DE3404767C2 - - Google Patents

Description

The invention relates to a control method heating and / or ventilation systems of buildings according to the preamble of claim 1.

To only occasionally occupy a room target worth keeping rooms to reduce the consumption of energy the room temperature has already been proposed to regulate according to the occupancy of the respective rooms. For this the unoccupied rooms are on a standby temperature held a few degrees from the room set point temperature differs. Different staggered Sectors of each room are identified by special preferences probe sensor scanned. These take the presence of People true and influence the heating or Ventilation or air conditioning so that a setpoint appropriate room conditioning is effected.

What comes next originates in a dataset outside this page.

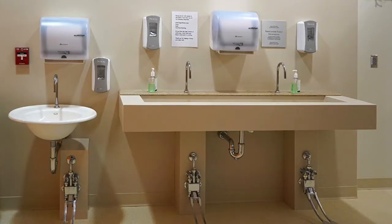Handwashing is the single most important factor in preventing infection. We ask everyone to wash their hands when they enter the NICU at one of our washing stations. Please also wash your hands when entering and leaving your baby's room.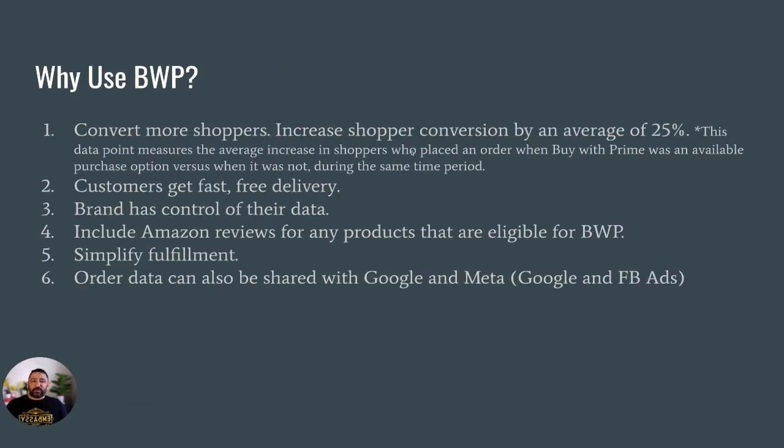Why use BWP? Basically, BWP increases conversion. According to Amazon, there was a 25% conversion increase when sites used the Buy With Prime button versus the same period when the button was not available. Again, customers get fast free delivery, and the brand keeps control of their data, which is nice.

Such a heating and ventilation system is through the DE-OS 31 13 285 known. In this system, the basic heating be operated with a heating power that just out is enough to bring the rooms to a reduced temperature heat. The disadvantage of this known system is in the fact that the base load operation only in depend of a preselected one below the room setpoint standby temperature takes place without that special building physics of the building in question factory or structural part. To construction damage e.g. due to condensing water vapor in the masonry To prevent the basic heating of the known system are always operated in such a way that even with building physics un inexpensive parts of the building do not suffer any damage. this has as a result that for safety reasons for the basic heating a greater energy consumption must be accepted than it is necessary in itself. In addition, the Disadvantage that with a room conditioning in a Occupancy of the respective room only the room temperature is influenced, but not for comfort taking into account other components.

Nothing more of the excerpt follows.